Items listed in a dataset:
:::

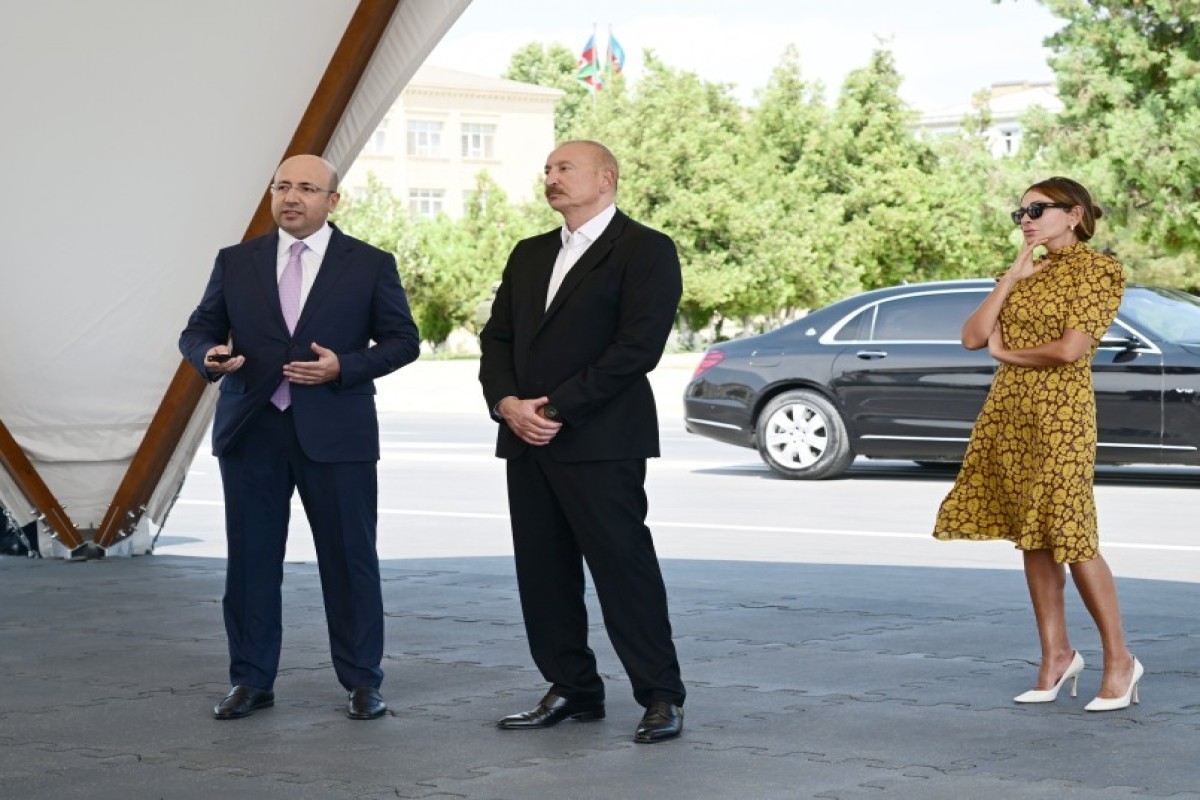 Президент ознакомился с Генпланом развития города Нахчыван до 2044 года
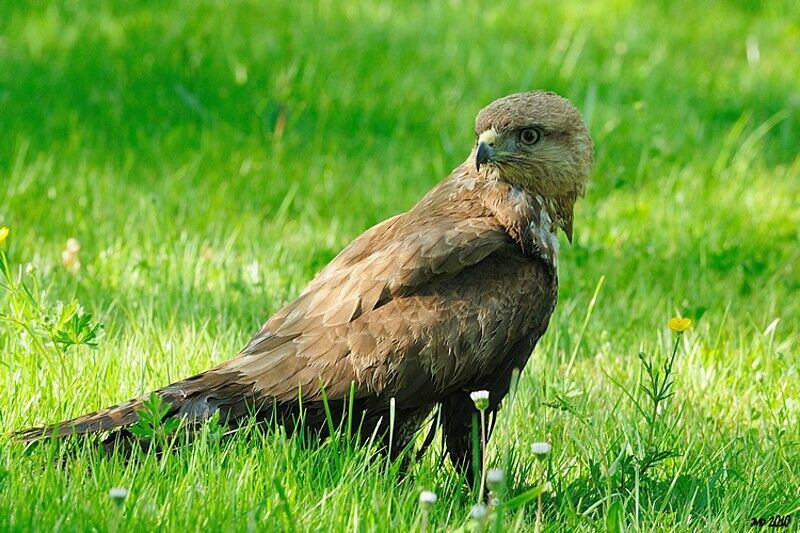 Common Buzzard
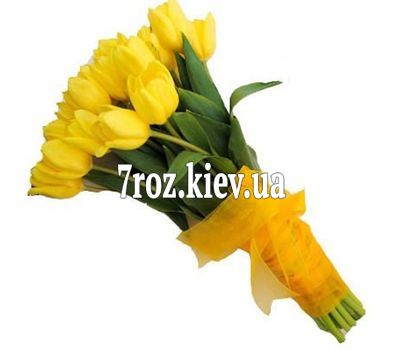 Букет із 29 тюльпанів
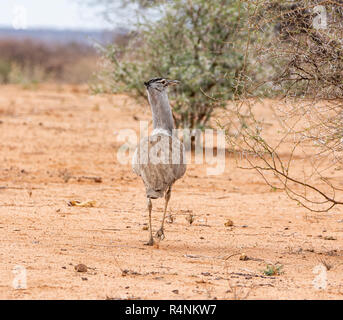 Un Kori Bustard camminando nel sud della savana africana Foto Stock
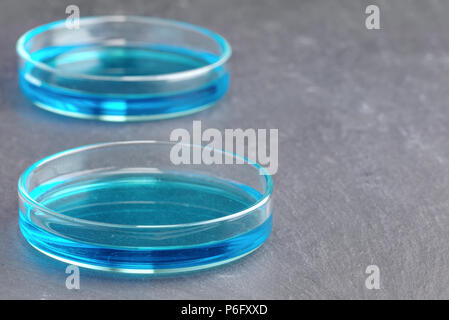 Pétri de sulfate de cuivre (solution de chlorure de cuivre) bleu ardoise liquide isolé sur fond sombre en surface avec une faible profondeur de champ. La science s Banque D'Images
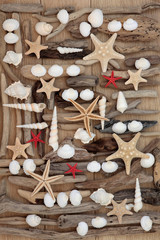 Shells and Driftwood
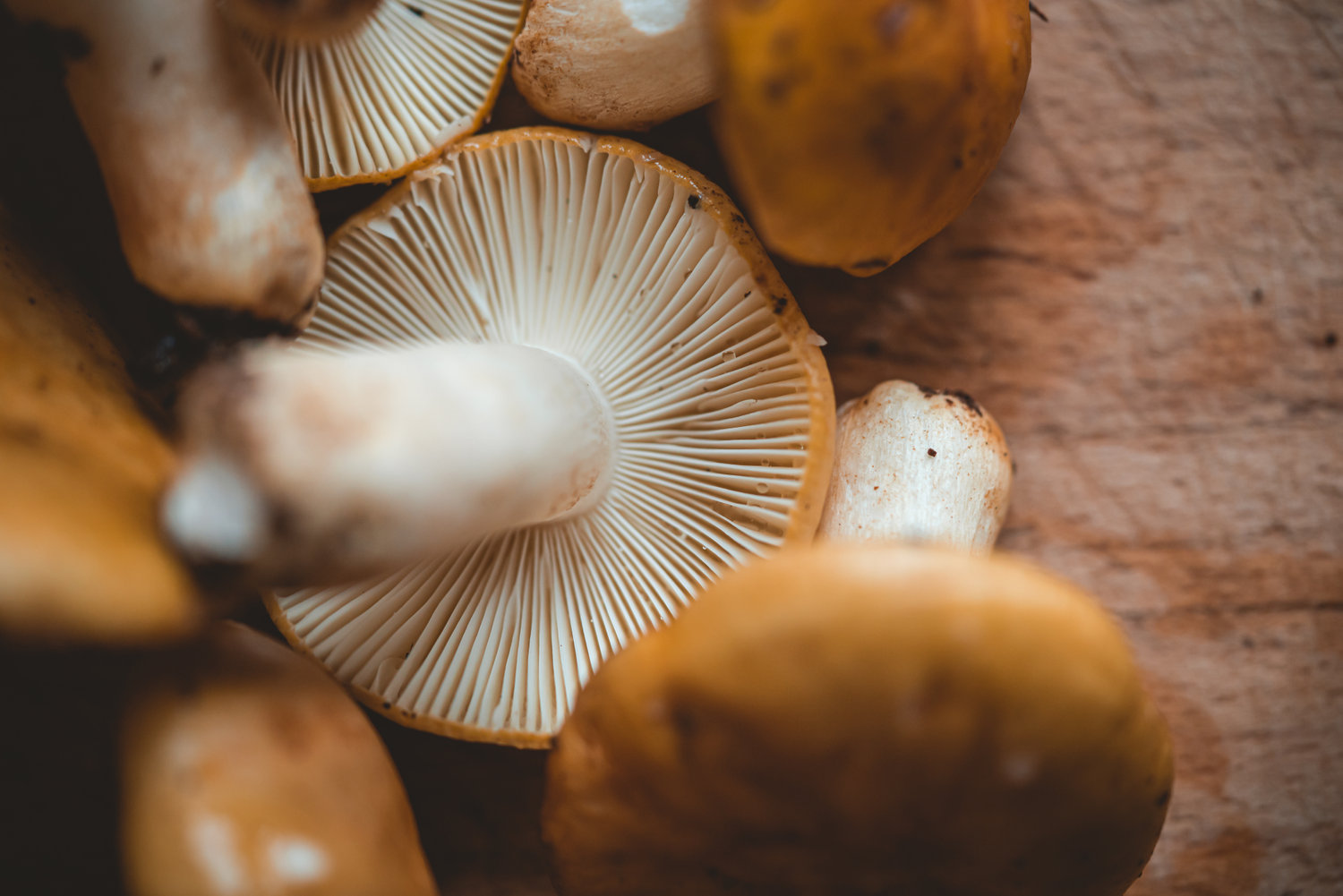 Ochre Brittlegill - The Grizzly Forager: The Definitive Guide to ...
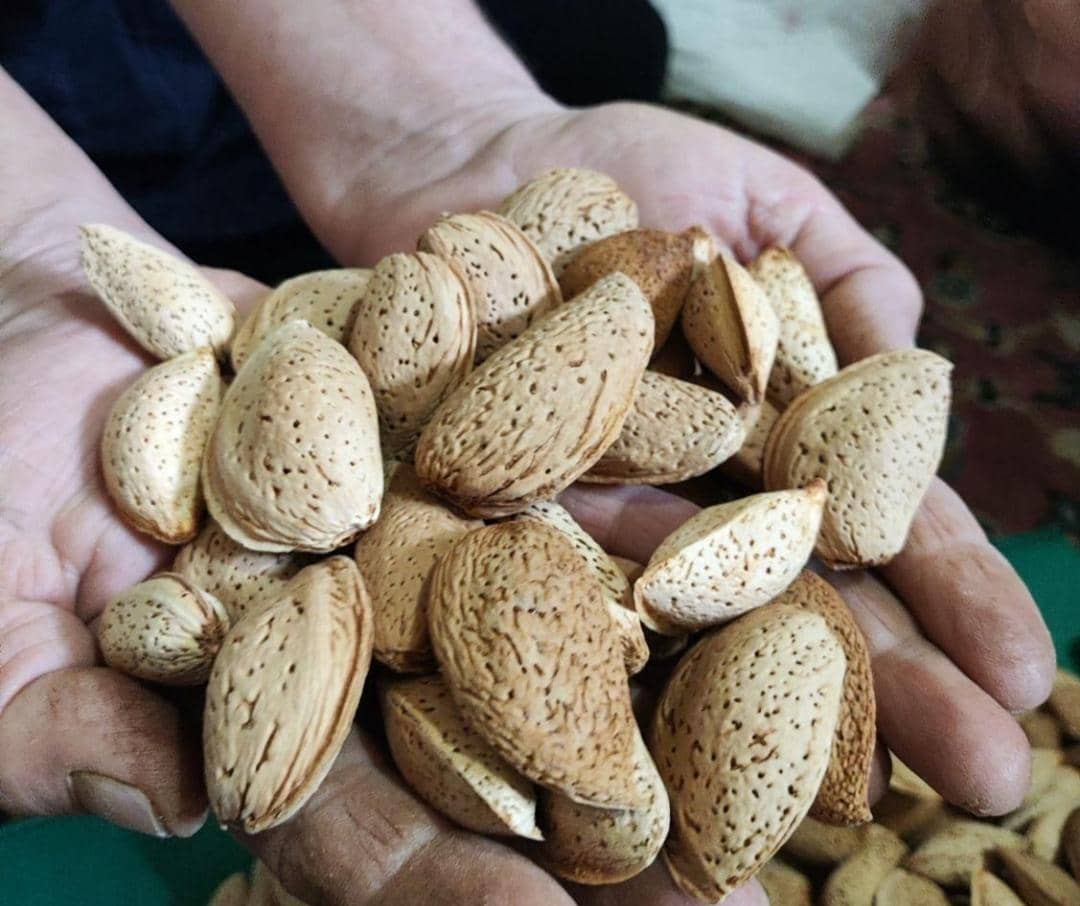 بادام سنگی دیم فارس + خرید عمده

:::

**Activity**:
Starting at the line that holds "Ochre Brittlegill - The", print each line through the last one of the entries above, exactly and with both ends included; no pictures.

**Exercise result**:
 Ochre Brittlegill - The Grizzly Forager: The Definitive Guide to ...
 بادام سنگی دیم فارس + خرید عمده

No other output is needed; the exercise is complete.